Leaving aside the former — I want to post daily, and I've just been totally sucky on that point for far too long (don't worry, I'm beating myself up enough for both of us, though you can still pile on if you want) — I feel somewhat more OK with the latter. The name of the blog is "Sustainably," and my movement to more posts about nutrition, obesity, and food-production issues fits pretty well under that umbrella.
In my previous post, I talked about a "singularity," a term that means something entirely different (link to what people who know what they're talking about think it means) but which I'm employing it to mean that all topics are related ultimately, that one principle underlies everything we know and see. I thought that the environmental issues were separate from the obesity issues, but more and more, I see them as related. The central point is probably in nature, if not nature itself or the higher intelligence that created it. But I won't be going there today.
Undeniably, agriculture has huge carbon implications — because of the inefficiency of growing vegetables to feed to animals so we can eat the animals, because of agribusiness's almost total reliance on petroleum-based fertilizers and pesticides, and because of the vast distances that many foods travel to reach our tables, among other reasons. (The accepted stat is that the average food travels 1,500 miles, and I sure wish I knew the provenance for that.)
But what brings me to the keyboard this morning is a rumination arising from my reading David Kessler's book, "The End of Overeating." He devotes a section of the book to all the ways that the food industry manipulates the incredible range of processed foods we eat (average number of new products introduced annually in the '90s: 12,700. Fewer than 5 percent were still on shelves two years later.) Kessler, a former FDA commissioner, says that processors seek to layer as many different tastes (salty, fatty, sweet, sour, sharp, spicy, etc.) into each dish as possible, so as to stimulate us into eating more than we would have otherwise.
Which brings me, finally, to the meaning of the headline: As completely dorky as it sounds, I almost always eat the vegetables on my plate first.
You understand: I am a food addict, and in the unbridled throes of my worst years, I ate as much or more in a day than most others did in two or three days. My back seat was littered with fast food packaging, and I was recognized at 7-11s and donut shops throughout the metropolitan area.
I'd eat almost anything, but I preferred the usuals: french fries, fried chicken, ice cream, chips, bagels with cream cheese, popcorn drenched with butter, etc. etc. etc. I wasn't opposed to vegetables constitutionally, but they were an afterthought at best.
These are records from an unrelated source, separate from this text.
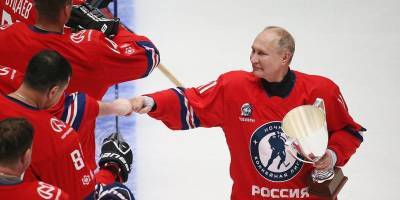 Владимир Путин - Путин вышел на лед Ночной хоккейной лиги и забил 8 шайб – в сети смеются и рисуют карикатуры - ТЕЛЕГРАФ - telegraf.com.ua - Россия - Сочи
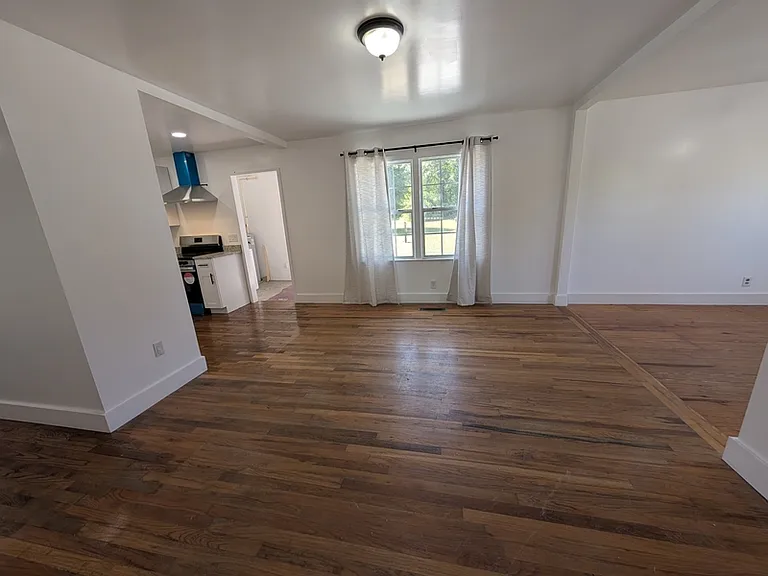 427 Crossway Rd — Photo 4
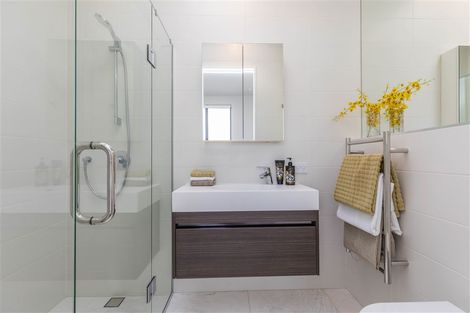 Photo of property in 2/6 Waima Street, Grey Lynn, Auckland, 1021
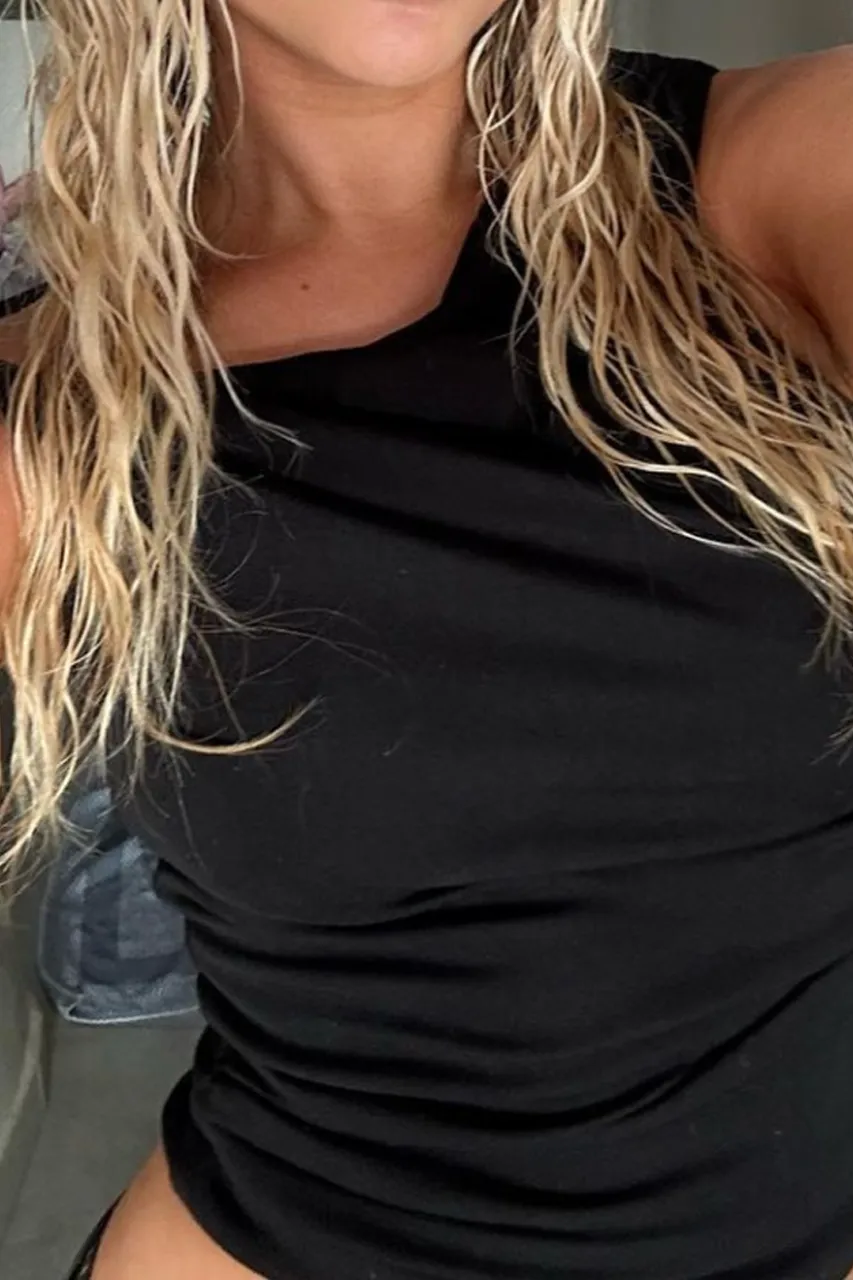 One Shoulder Sleeveless Fitted Crop Top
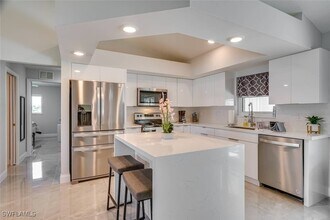 1509 NW 33rd Pl in Cape Coral, FL - Building Photo - Building Photo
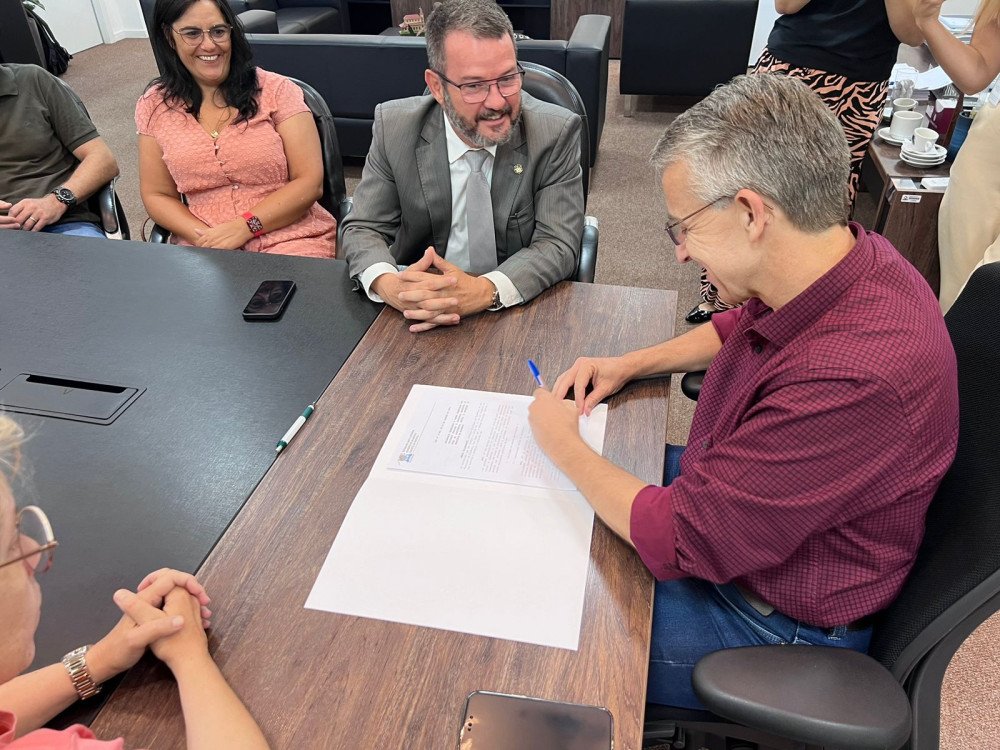 Sancionada lei que exige investigação social em concursos na educação e assistência social de Blumenau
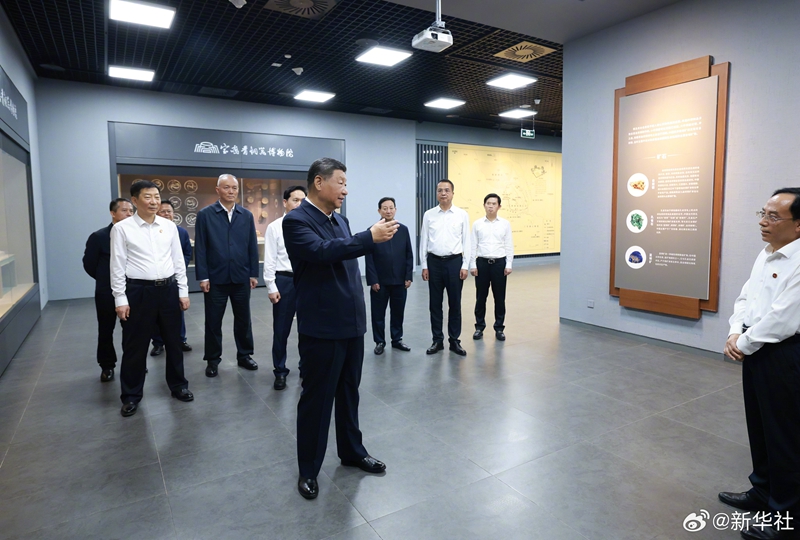 习近平:尊崇热爱中华文明,把中华优秀传统文化一代一代传下去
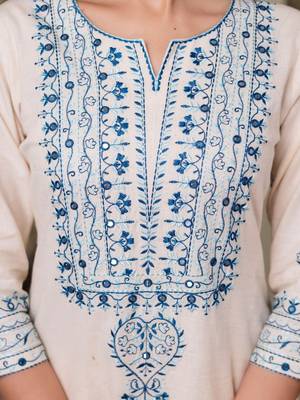 women ethnic motifs embroidered regular thread work  cotton kurta with trousers 3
At one point, a trusted friend advised her friends trying to eat better to make sure healthy veggies were part of each meal, and that they eat them first, to ensure that they got eaten, no matter what else happened.
I never adopted her suggestion, I assure you.
But now, almost every time I happen to notice, I see that I've eaten my veggies first. Sometimes I steam them, but mostly I saute or roast. I use as little oil as I think I can muster, and flavor most often with onions, garlic, and/or ginger, though lately I've been returning to spices, both fresh and dried, for added variety.
And they go first. Not because I'm trying to be good. Not because someone told me to.
Because I like them. I am drawn to them. They taste great. Carmelized naturally occurring sugars. Little browned or burnt bits.
This is nothing about rectitude; I didn't try to make myself like something. It is about indulgence, organically arisen when I wasn't looking.
I didn't need no stinkin' layering of refined this and processed that to arrive at something palatable. I started with a very few ingredients, all of them grown and harvested. Processing is limited to peeling, practically.
From what I can see, this never would have happened if I had continued to eat all that processed food. Native goodness is more subtle than milled, sweetened, extruded, and otherwise constructed food products, but it is just as satisfying, even if it doesn't have an annual promotional budget costing hundreds of millions of dollars.
You know why their manufacturers spend hundreds of millions of dollarspromoting these highly engineered concoctions? Because they have to, if they're going to sell.
I have a lot of vegetarians in my family, some really accomplished ones, and they often rave about what I'm serving them. I've brought a couple of dishes over to my dad's place recently, and the last time, his wife said she didn't think she'd ever not liked anything I'd ever made for them.
This isn't bragging, I swear. My point is that whether eaters are used to veggies all the time, or whether they watch what they eat even to the edge of blandness, this stuff tastes great.
Tastes great, good for you. Now there's a slogan for you.